The following examples are a starting point to consider and not exhaustive to all the possibilities. Initially the Infrastructure contributor treasury could delegate funding to any of the following:

  • Contributors within the ecosystem for performing high impact roles and tasks.

  • Local and online events that help drive awareness, education or help bring the community together over given topics and concerns.

  • New or existing frameworks, libraries or SDKs that would benefit from a small amount of extra funding to support the ecosystem.

Governance using contributors

Full time contributors are the perfect candidates for governing and managing a treasury focussed on faster funding distribution that will help support and grow the ecosystem. Some reasons contributors are suitable include:

  • High involvement - Being full time maximises the chance that contributors are the most well informed on what is happening in the ecosystem which will help lead to better informed decisions.

  • Accountability - Full time contributors would be public faces in the community and as such would have accountability towards their involvement of any votes and the information provided that helps govern the decisions made.

  • High participation - A high number of full time contributors can be supported to work full time in the ecosystem. This high participation helps ensure there is a diverse amount of people involved in supporting the management of the treasury.

  • Community participation - Full time contributors can help involve the community for every governance decisions where it is needed and in cases where more feedback would improve the decision making.

Treasury sources of income

For the treasury to have capital to allocate it will need some forms of income. The main initial approaches for this would include:

  • Funded proposals - Proposals can be created to request funds to fund the treasury.

  • Stake pools - Mission driven stake pools can be operated by stake pool contributors where the profit of those stake pools is allocated to the treasury.

  • Contributor project support - If full time Infrastructure contributors support other funded projects whilst being a contributor any payment for that work could be sent to the contributor treasury. This model works because the full time contributor is already being being paid a full time salary. An example could be a developer supporting another projects implementation for a short period as they have the technical expertise and it would provide a high impact to the ecosystem to support them.

Governance process

A suitable process for each type of decision will need to be determined in the near future. For now, a simple approach for the governance process could follow these steps:

  1. Request is made for treasury funding either by the community, projects or contributors

  2. Contributors check request has valid information and reach consensus on what added information or data needs to be added to the request to make a fully informed decision.

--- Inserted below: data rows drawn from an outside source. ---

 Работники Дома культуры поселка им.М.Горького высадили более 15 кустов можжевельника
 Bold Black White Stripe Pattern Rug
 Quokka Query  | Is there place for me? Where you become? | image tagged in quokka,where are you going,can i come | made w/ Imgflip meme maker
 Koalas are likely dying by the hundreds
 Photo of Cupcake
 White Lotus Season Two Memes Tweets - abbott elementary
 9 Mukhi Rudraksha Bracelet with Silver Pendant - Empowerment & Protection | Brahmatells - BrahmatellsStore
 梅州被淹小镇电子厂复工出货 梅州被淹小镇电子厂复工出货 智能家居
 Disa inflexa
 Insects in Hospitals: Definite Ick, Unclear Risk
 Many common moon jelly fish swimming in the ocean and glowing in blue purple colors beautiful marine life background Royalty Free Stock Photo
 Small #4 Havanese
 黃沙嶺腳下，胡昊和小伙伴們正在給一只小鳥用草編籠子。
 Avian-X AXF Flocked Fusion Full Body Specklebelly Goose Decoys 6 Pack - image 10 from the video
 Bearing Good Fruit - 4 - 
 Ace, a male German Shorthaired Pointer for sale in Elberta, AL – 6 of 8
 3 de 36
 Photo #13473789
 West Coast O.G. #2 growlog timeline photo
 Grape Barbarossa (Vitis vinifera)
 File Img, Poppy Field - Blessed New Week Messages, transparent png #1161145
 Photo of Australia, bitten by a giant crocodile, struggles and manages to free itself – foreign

  3. Once the request is finalised contributors determine who should be involved in the governance decision. For example if the decision impacts the recommended standards for native assets then the contributors would be responsible for involving the relevant community participants.

  4. Feedback is collected from the participants for any changes that may need to be made.

  5. Voter participants are invited to cast their vote.

  6. Funds get distributed based off a positive voting outcome.